Run this notebook on Google Colab:

Open in Colab

Find the documentation of EncoderMap:

https://ag-peter.github.io/encodermap

Goals:

In this tutorial you will learn:

For Google colab only:

If you’re on Google colab, please uncomment these lines and install EncoderMap.

[1]:
# !wget https://raw.githubusercontent.com/AG-Peter/encodermap/main/tutorials/install_encodermap_google_colab.sh
# !sudo bash install_encodermap_google_colab.sh

Import Libraries#

Before we can get started using EncoderMap we first need to import the EncoderMap library:

[2]:
import encodermap as em
/home/kevin/git/encoder_map_private/encodermap/__init__.py:194: GPUsAreDisabledWarning: EncoderMap disables the GPU per default because most tensorflow code runs with a higher compatibility when the GPU is disabled. If you want to enable GPUs manually, set the environment variable 'ENCODERMAP_ENABLE_GPU' to 'True' before importing EncoderMap. To do this in python you can run:

import os; os.environ['ENCODERMAP_ENABLE_GPU'] = 'True'

before importing encodermap.
  _warnings.warn(

We will also need some aditional imports for plotting.
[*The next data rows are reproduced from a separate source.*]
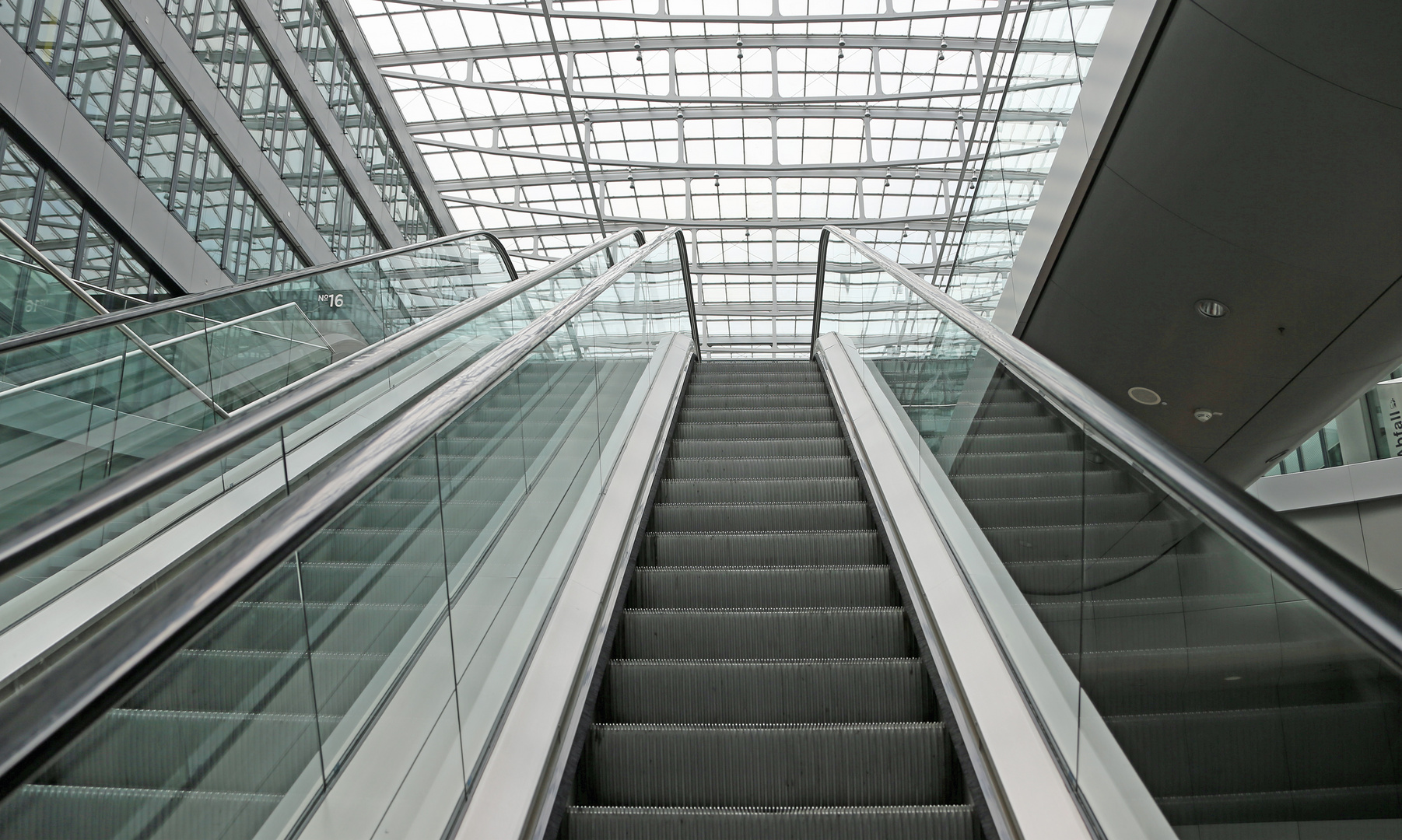 Flughafen Frankfurt - Rolltreppen - The Squaire -Corona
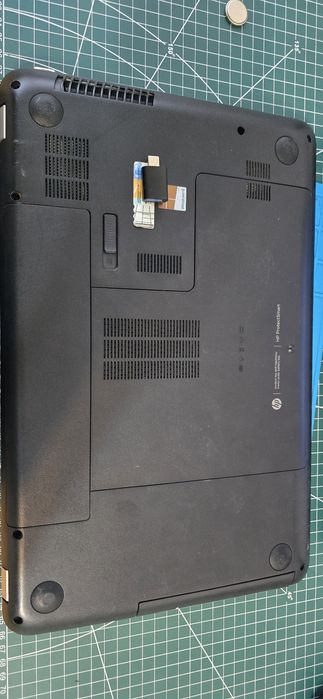 Hp Pavilion 15  i5  3GB ram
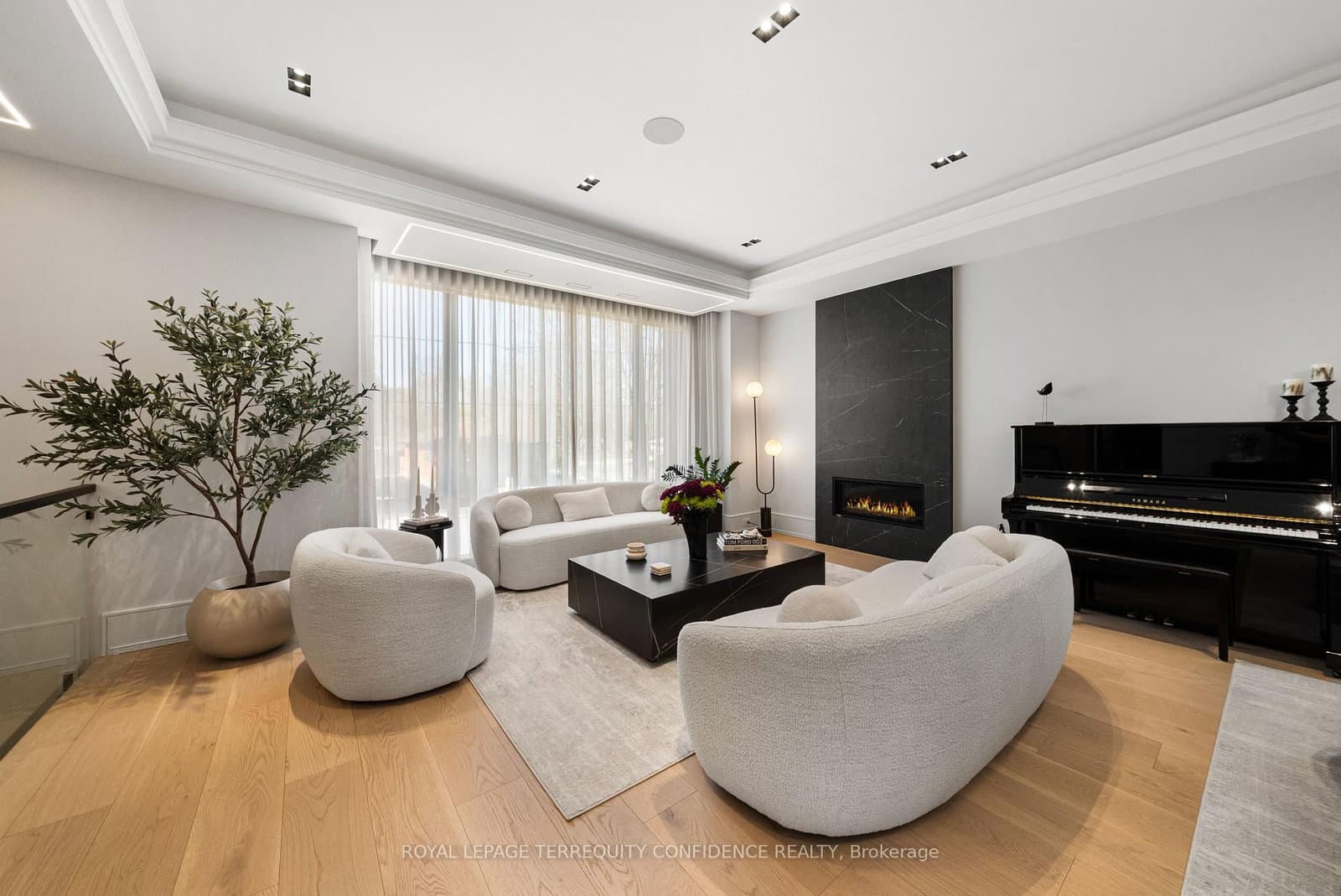 35 Nipigon Avenue - Image 3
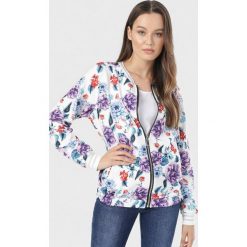 Biała Bluza Meloris. Białe bluzy damskie Born2be, uniwersalny, bez wzorów, bez rękawów, bez kaptura. Za 169,99 zł.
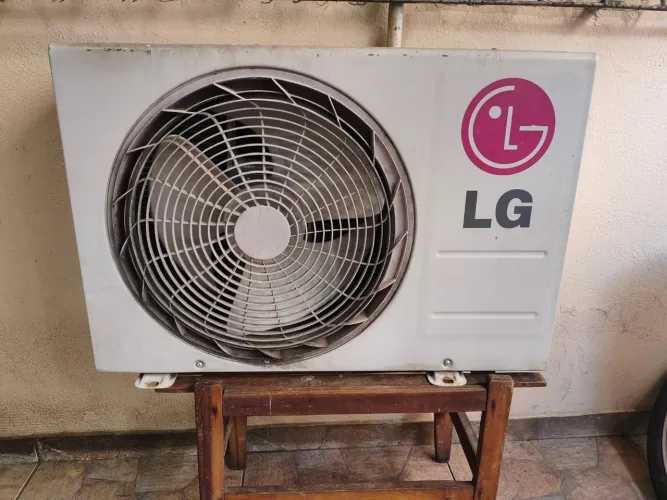 Ar-condicionado Split LG 12.000 BTUs - usado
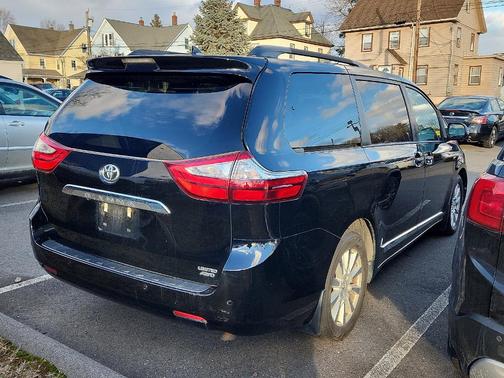 2017 Toyota Sienna Limited Premium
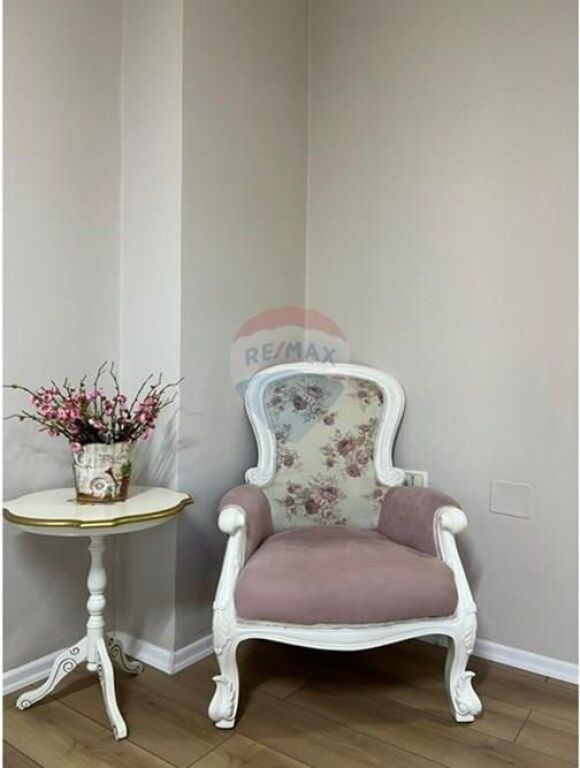 APARTMENT FOR RENT IN THE CENTER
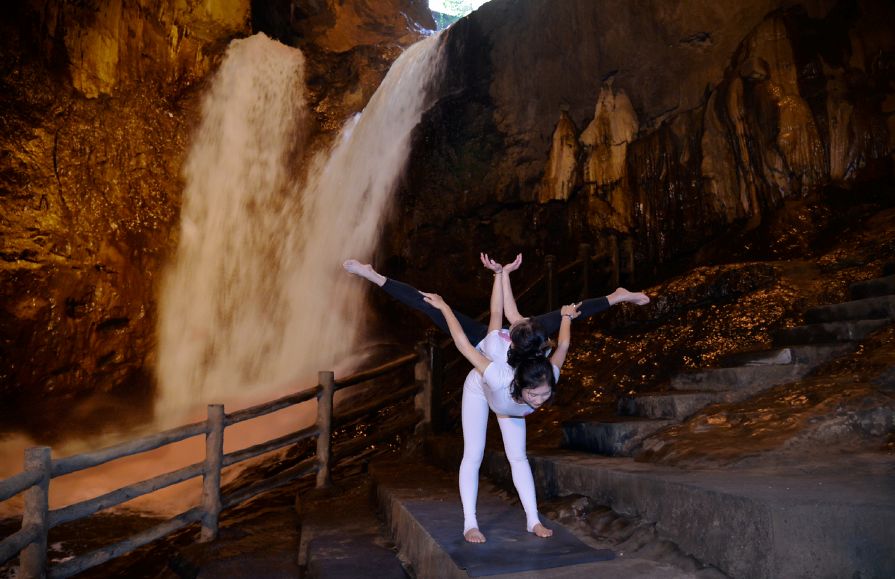 惊叹！国内首创洞心瑜伽秀在九乡上演！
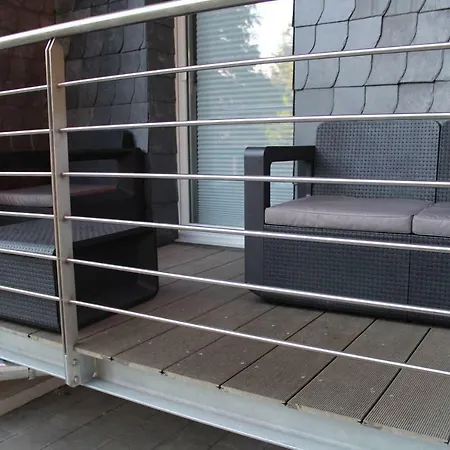 Nizza Chillinghouse #1, 3 Min Vom Ice, Netflix, Balkon * Siegburg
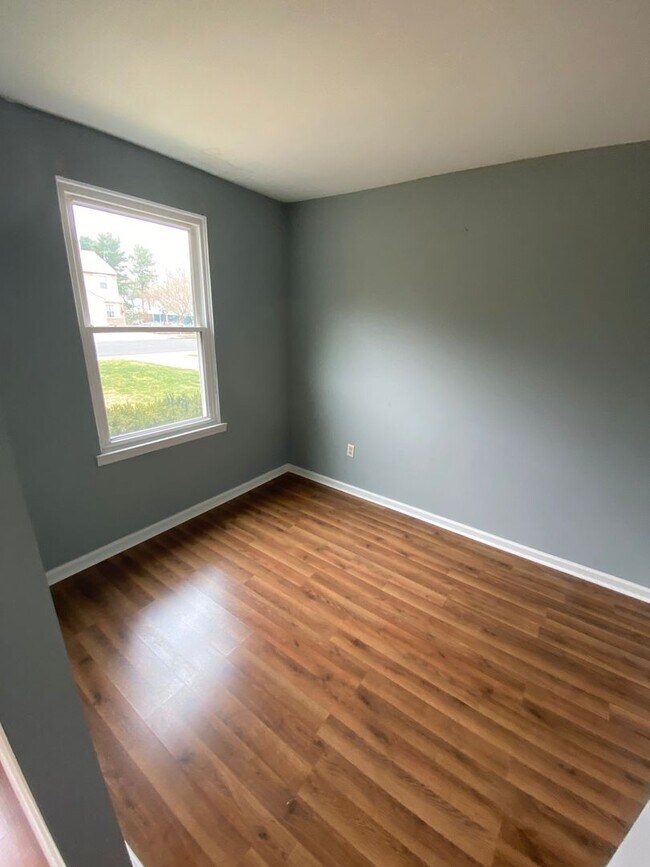 Building Photo - Nice 2 bedroom townhome with a view!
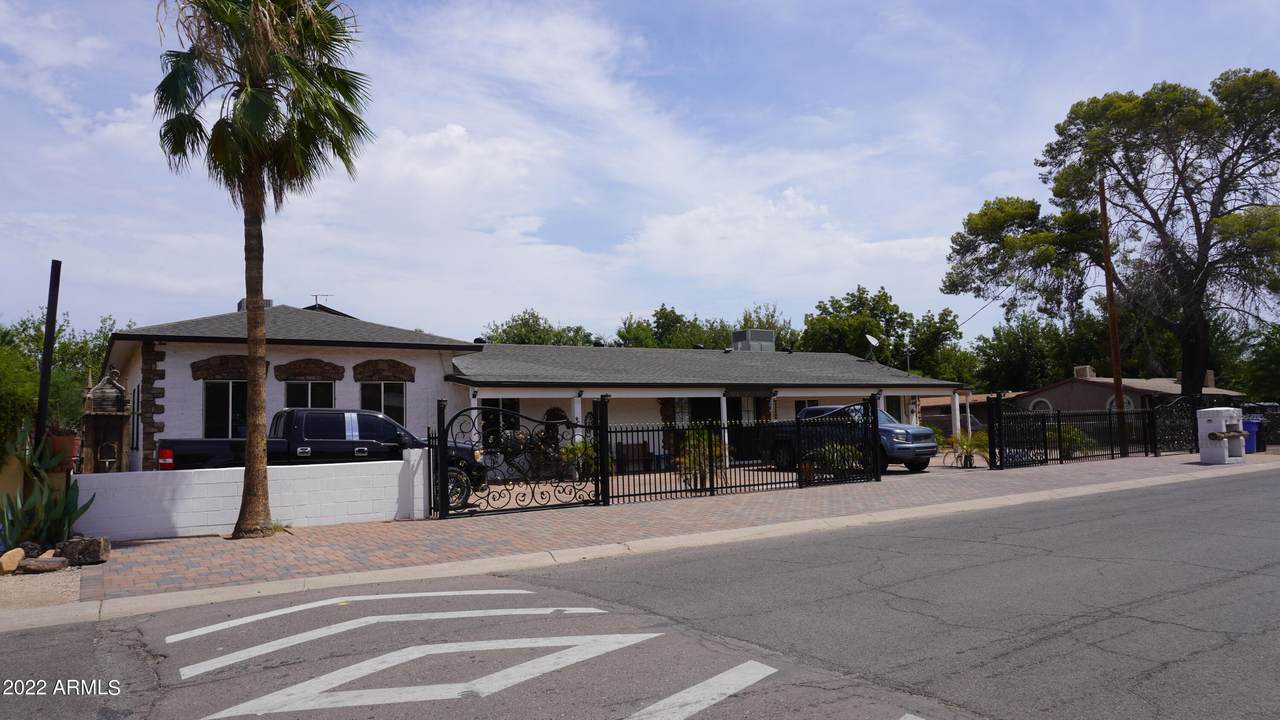 920 Tamarisk Street - Photo 1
The line with google.colab imports some nice features for google colab, which renders pandas Dataframes very nicely.

[3]:
import plotly
import plotly.graph_objs as go
import plotly.express as px
import plotly.io as pio
import pandas as pd
import numpy as np
try:
    from google.colab import data_table, output
    data_table.enable_dataframe_formatter()
    output.enable_custom_widget_manager()
    renderer = "colab"
except ModuleNotFoundError:
    renderer = "plotly_mimetype+notebook"
pio.renderers.default = renderer

To ensure that this notebook yields reproducible output, we fix the randomness in tensorflow.

[4]:
import tensorflow as tf
tf.random.set_seed(3)

Load Data#

Next, we need to load our data. EncoderMap expects the input data to be a 2d array. Each line should contain one data point and the number of columns is the dimensionality of the data set. Here, you could load data from any source. In this tutorial, however, we will use a function to generate a toy data set. The function random_on_cube_edges distributes a given number of points randomly on the edges of a cube. We can also add some Gaussian noise by specifying a sigma value.

[5]:
high_d_data, ids = em.misc.create_n_cube()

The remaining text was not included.